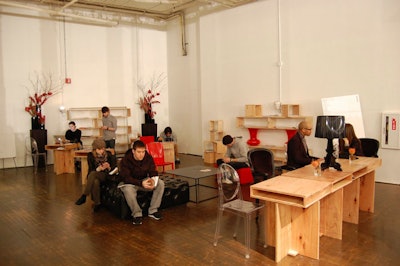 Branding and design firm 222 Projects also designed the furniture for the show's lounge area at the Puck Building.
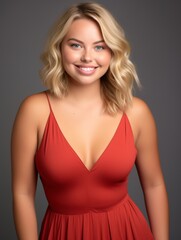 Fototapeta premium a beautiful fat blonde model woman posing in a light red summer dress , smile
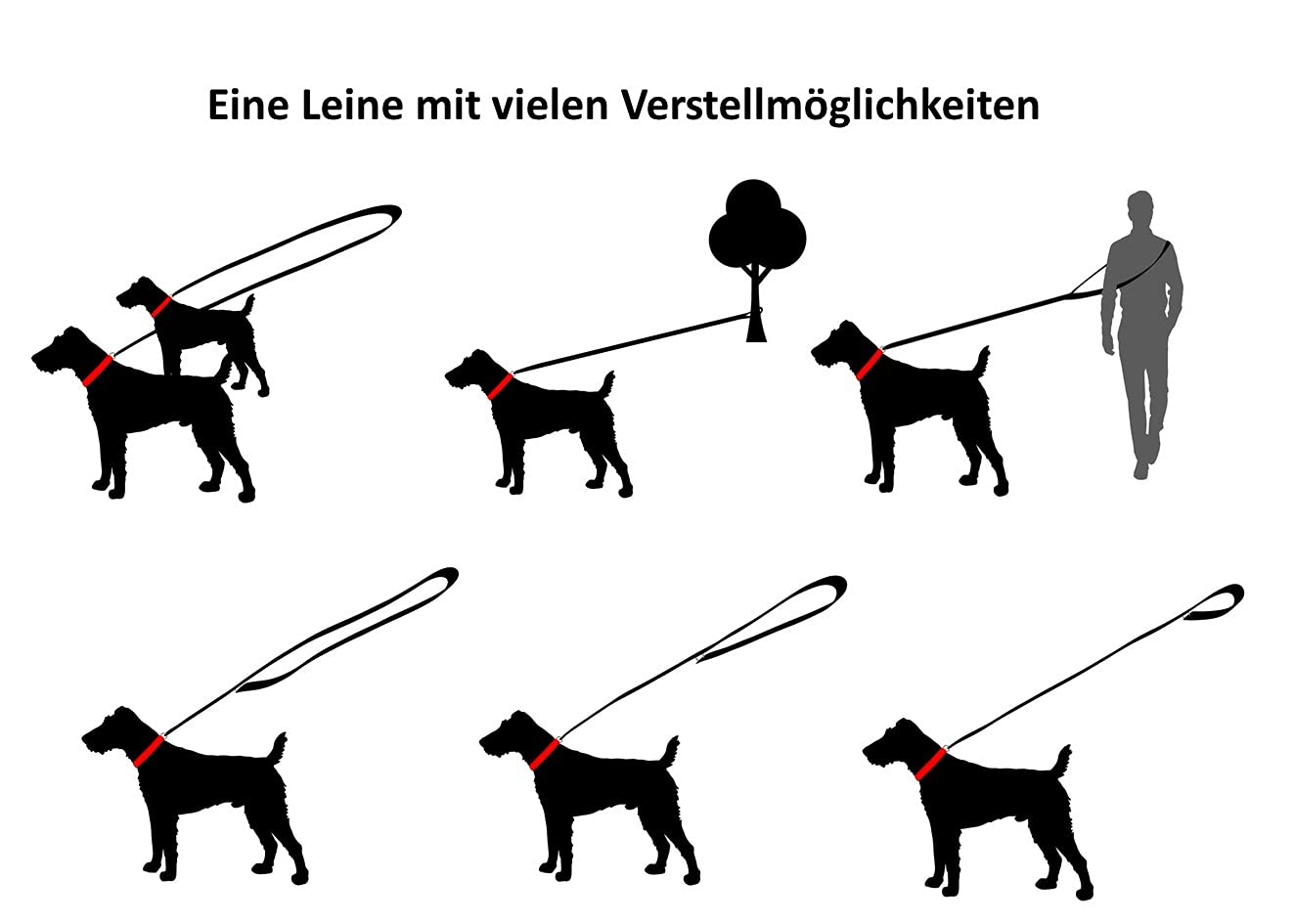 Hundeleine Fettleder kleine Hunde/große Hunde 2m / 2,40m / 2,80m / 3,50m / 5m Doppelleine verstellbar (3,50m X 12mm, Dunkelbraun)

━━━━━━━━━━

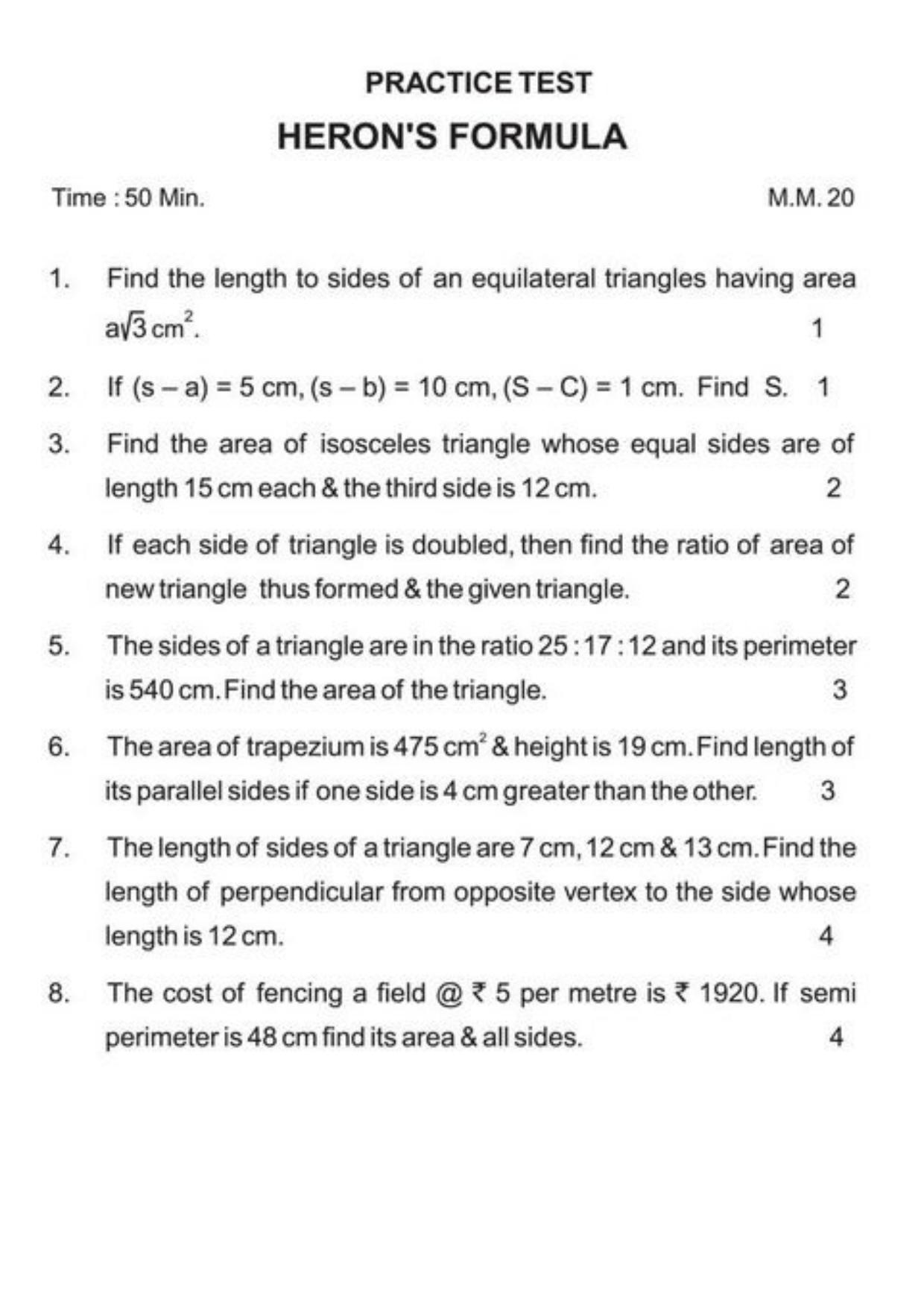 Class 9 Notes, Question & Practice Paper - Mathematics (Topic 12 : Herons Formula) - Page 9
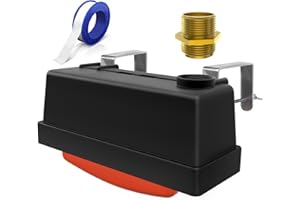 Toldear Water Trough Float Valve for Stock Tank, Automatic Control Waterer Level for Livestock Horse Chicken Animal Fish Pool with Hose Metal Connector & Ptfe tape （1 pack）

━━━━━━━━━━

- _Activity_: Would you set down only the lines above from the line with "Fototapeta premium a" to the line with "Hundeleine Fettleder kleine", both included, exactly as they stand and without the pictures?

- _Solution to the problem_:
 Fototapeta premium a beautiful fat blonde model woman posing in a light red summer dress , smile
 Hundeleine Fettleder kleine Hunde/große Hunde 2m / 2,40m / 2,80m / 3,50m / 5m Doppelleine verstellbar (3,50m X 12mm, Dunkelbraun)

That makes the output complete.